Maybe they should show tortosies upside down on their backs for people to ID?

yawnxyz · 4 years ago

on the internet, only a captcha knows you're a robot

depingus · 4 years ago

Cloudflare has been doing some great things. But lately it seems that, maybe, they have their hands in too many cookie jars. I get the ominous feeling that things could go south real fast.

I have my browser setup in a way that makes Cloudflare quite intrusive. I use the Temporary Containers extension on Firefox to open almost all websites in temporary containers (paired with the Containerise extension to whitelist the handful of sites that I like to stay logged in to).

About 30% of the random (like from web searches) sites I visit throw the Cloudflare captcha at me...EVERY SINGLE TIME. I'm so sick of picking out boats and buses that I just close out the tab without bothering the visit site.

I assume, that if I wasn't using Temporary Containers, a Cloudflare cookie after the 1st captcha would persist for the entire browser session, but there are privacy implications which are beyond the scope of this post.

Anyways, I guess what I'm saying is...Cloudflare sure seems great. Dangerously great.

AtNightWeCode · 4 years ago

The problem is not really Cloudflare. Captchas are terrible from a UX perspective. Instead of Captchas a lot of companies just log suspicious activities and only enables Captchas when things gotten out of hand.

If you design a web site with this in mind from the start, then there are several ways to make the Captchas less intrusive. However, a lot of Captchas are enabled to current solutions after problems have arisen and then it may hurt the UX.

wallacoloo · 4 years ago

dunno where we’re at today with newer captcha models, but for old-style static image captchas there used to be browser extensions where you could solve (say) 100 captchas in one sitting and then navigate the web freely and the next NN captchas your browser receives would be solved automatically.

or you could pay like $1 to cover 1000 captcha solutions. again, not sure if these still exist for newer style captchas though.

I've inadvertently made captchas worse for myself (in the interest of privacy). My current method of simply not visiting the site has been working well enough. I'm certainly not going to pay for an extension to solve them for me. That sounds crazy. "Am I a robot? Yes, I am."

Anyways, my post was actually less about captchas and more about Cloudflare's silent consolidation of internet traffic.

reustle · 4 years ago

You're helping train self driving car models.

https://www.ceros.com/inspire/originals/recaptcha-waymo-futu...

asplake · 4 years ago

"Which of these images appears to contain a stationary obstruction?"

xdennis · 4 years ago

But why the boats then? Are there self rowing boats?

etripe · 4 years ago

Maybe the next big step is creating AI-driven cargo ships that can independently get stuck in the Suez canal.

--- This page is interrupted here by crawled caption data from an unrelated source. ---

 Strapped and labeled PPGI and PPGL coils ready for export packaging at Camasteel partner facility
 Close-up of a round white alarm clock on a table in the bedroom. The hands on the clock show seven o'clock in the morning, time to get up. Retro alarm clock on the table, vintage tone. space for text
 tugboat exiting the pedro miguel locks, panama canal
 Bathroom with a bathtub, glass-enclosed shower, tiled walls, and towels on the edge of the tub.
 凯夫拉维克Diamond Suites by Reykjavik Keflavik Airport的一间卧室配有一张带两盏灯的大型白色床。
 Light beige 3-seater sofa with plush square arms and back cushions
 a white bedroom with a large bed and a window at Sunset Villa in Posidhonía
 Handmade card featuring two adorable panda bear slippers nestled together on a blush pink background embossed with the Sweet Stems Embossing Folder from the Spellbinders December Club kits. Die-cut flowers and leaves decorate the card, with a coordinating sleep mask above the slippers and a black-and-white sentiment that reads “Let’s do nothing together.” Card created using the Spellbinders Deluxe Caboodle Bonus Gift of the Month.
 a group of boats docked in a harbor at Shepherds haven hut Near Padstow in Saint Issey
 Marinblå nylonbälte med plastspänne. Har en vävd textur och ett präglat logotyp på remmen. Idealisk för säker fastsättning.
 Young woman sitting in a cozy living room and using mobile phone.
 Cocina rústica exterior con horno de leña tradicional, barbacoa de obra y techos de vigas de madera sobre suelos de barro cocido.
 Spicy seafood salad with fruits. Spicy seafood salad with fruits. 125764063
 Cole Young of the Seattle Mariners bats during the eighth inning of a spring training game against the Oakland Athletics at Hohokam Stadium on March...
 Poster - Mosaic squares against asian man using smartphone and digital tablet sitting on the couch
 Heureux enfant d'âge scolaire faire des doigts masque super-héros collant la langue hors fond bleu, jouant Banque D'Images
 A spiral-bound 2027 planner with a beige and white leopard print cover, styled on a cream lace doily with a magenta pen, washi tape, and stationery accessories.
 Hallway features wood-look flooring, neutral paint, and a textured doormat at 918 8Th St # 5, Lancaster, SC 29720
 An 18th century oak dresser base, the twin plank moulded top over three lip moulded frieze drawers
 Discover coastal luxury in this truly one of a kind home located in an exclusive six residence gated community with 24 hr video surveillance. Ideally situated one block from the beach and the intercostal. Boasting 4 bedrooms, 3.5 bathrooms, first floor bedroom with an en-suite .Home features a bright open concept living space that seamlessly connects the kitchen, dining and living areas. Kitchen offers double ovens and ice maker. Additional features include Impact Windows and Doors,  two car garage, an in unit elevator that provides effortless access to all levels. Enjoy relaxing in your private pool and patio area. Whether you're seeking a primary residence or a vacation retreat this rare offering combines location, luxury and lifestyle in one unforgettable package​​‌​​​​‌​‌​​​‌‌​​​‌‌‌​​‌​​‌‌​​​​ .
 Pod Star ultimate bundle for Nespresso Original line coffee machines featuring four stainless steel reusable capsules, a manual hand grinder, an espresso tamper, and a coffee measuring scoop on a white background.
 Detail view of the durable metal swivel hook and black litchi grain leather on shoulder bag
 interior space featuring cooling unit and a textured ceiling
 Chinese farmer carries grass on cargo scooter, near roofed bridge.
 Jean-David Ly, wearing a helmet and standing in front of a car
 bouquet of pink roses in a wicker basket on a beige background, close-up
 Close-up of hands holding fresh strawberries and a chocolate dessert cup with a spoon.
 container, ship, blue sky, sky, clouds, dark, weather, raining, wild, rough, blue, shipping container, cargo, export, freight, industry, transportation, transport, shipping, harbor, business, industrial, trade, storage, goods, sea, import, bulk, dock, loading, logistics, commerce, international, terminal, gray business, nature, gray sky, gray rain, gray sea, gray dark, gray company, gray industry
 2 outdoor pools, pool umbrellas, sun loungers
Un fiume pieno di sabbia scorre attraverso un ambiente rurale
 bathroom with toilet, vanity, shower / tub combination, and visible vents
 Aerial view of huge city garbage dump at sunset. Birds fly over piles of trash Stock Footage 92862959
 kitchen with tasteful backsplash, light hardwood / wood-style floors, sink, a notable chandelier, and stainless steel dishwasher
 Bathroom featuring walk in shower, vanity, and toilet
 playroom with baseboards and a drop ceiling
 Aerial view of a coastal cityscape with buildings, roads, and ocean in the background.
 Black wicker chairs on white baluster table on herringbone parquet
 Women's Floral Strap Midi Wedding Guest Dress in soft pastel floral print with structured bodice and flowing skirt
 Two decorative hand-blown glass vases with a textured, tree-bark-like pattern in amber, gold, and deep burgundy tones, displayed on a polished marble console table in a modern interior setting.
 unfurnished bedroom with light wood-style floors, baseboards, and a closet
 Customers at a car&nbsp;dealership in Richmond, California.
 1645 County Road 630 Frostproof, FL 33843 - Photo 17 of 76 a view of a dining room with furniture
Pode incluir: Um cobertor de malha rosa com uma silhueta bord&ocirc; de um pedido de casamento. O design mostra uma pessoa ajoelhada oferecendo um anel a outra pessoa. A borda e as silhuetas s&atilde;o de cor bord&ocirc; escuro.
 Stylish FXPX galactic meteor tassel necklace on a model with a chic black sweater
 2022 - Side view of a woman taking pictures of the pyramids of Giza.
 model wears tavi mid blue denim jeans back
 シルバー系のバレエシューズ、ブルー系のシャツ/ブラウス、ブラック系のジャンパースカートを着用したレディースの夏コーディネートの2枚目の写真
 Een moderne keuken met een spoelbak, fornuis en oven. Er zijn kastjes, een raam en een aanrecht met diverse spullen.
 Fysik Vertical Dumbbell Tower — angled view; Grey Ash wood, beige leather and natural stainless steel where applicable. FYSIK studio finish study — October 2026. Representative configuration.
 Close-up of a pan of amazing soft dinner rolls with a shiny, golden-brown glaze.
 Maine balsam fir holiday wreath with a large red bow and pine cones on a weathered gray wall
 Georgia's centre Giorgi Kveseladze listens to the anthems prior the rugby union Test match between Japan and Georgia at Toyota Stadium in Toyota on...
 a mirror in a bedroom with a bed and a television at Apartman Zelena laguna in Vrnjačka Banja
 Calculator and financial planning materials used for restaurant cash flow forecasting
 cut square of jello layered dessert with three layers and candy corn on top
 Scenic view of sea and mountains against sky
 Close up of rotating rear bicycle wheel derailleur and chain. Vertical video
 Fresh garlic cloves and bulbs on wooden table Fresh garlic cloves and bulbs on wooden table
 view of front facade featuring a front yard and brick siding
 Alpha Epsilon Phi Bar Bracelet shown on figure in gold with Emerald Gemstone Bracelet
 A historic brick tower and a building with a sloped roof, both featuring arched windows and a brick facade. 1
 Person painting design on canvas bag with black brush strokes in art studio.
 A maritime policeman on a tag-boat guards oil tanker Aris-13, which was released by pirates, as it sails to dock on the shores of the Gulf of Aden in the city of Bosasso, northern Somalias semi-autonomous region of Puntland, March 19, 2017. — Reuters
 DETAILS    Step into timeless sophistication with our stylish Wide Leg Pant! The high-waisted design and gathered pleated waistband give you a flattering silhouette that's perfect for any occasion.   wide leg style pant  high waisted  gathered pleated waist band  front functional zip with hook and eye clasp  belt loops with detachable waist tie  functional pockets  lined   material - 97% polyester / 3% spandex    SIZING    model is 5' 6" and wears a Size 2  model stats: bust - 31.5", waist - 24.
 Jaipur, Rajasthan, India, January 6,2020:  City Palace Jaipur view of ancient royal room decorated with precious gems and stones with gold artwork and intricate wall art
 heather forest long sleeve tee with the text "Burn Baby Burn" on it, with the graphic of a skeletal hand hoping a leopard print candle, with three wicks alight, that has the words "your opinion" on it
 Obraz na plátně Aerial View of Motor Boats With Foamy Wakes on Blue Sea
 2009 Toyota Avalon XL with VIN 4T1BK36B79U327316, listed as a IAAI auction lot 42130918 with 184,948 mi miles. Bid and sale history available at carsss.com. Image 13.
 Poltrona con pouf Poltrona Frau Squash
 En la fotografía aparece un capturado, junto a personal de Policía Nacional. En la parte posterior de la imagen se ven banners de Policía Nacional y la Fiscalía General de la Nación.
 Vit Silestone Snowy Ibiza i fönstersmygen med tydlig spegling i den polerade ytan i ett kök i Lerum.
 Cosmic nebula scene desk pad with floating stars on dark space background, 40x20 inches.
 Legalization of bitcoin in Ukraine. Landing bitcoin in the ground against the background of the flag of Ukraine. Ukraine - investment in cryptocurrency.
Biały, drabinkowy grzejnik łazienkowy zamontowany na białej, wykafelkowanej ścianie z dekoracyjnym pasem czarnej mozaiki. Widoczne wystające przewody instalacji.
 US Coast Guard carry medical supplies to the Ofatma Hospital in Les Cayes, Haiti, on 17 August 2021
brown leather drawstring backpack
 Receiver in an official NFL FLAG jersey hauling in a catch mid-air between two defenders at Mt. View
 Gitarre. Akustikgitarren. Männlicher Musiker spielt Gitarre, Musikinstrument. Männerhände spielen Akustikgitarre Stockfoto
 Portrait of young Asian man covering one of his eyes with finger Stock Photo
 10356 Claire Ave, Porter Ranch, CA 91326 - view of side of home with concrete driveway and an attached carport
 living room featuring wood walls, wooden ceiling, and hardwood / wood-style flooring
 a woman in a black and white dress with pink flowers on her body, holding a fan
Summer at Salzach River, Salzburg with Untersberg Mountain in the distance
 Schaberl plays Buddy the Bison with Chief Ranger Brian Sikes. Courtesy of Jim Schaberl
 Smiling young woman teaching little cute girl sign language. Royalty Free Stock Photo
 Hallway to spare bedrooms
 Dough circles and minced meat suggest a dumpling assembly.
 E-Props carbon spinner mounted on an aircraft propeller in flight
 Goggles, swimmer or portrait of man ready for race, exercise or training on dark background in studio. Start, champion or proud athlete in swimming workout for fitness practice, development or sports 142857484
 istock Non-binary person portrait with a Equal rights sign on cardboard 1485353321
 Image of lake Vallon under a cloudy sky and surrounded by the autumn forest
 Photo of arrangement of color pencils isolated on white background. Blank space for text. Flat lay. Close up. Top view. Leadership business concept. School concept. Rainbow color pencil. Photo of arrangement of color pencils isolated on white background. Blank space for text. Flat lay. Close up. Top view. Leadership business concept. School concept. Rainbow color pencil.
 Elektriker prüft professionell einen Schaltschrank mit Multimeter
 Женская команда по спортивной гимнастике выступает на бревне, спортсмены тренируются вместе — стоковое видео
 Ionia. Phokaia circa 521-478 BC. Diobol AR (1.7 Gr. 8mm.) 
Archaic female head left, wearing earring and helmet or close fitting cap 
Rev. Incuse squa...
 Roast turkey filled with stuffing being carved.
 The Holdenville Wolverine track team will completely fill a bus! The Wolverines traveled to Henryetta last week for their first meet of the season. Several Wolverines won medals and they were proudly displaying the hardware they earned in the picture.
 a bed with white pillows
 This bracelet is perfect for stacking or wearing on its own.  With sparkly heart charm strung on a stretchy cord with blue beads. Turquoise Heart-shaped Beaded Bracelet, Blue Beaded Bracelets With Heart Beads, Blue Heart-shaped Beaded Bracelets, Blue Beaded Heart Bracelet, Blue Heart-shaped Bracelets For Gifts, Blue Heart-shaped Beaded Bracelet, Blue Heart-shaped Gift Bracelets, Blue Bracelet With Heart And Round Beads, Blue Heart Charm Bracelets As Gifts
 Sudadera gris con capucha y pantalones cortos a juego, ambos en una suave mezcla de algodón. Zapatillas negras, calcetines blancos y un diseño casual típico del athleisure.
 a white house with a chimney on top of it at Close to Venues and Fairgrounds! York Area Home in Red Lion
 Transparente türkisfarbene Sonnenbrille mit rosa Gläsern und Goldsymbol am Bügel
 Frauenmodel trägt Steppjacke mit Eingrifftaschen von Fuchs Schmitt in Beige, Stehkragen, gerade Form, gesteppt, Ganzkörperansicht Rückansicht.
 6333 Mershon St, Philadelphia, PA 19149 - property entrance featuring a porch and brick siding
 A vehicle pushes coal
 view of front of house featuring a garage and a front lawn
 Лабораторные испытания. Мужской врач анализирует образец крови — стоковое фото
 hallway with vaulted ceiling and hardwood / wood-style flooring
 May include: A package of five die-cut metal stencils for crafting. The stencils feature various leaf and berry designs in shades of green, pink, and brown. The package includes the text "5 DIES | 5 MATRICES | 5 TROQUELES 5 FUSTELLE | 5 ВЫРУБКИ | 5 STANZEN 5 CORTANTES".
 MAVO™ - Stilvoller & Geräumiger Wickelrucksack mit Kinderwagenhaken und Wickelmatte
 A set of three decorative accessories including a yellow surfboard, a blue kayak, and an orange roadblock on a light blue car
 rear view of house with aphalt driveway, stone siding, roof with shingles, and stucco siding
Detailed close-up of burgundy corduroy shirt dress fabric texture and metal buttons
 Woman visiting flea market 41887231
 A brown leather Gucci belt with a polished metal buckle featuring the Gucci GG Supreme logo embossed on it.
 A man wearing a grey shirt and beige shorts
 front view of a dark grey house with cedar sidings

On a more serious note, I can't shake the impression that would be a logical next step for all long and medium distance freight, be it road, water, air or space. Whether it's a good or mature idea is anyone's guess.

I wonder if some of the classes are just easy to detect objects that they're using to assess the accuracy of the user.

ghostly_s · 4 years ago

There sure are: https://www.marksetbot.com/

theklub · 4 years ago

Boats are on the road too. In the form of being on trailers, Etc.

notanote · 4 years ago

Or sea planes. That was what I was asked for most recently.

tgsovlerkhgsel · 4 years ago

Relevent xkcd: https://xkcd.com/1897/

mikkelam · 4 years ago

OP is talking about hCaptcha, not google's reCaptcha. Besides, reCaptcha is not being used for that anymore. They probably stopped doing that a while ago.

src: https://www.vox.com/22436832/captchas-getting-harder-ai-arti...

gzer0 · 4 years ago

https://www.hcaptcha.com/accessibility

You can sign up as an accessibility user and set a daily hCaptcha cookie that lets you instantly avoid the captcha (obviously, strict limits to not be abused) but good enough for myself!

cirrus3 · 4 years ago

I think we all understand that we're helping label... but specifically, why so many trains, planes, trucks, bicycles? I don't think it is really about training for self-driving AI since although these things all seen transportation-related, in many cases a lot of the images would not be relevant to a car and certainly not as relevant as other things we could be helping labeling for that effort.

How much train/plane/bike/truck labeling do they need? It seems like these have be standard for several years now, which is what I think the OP is really asking. Why these images, and why for so long?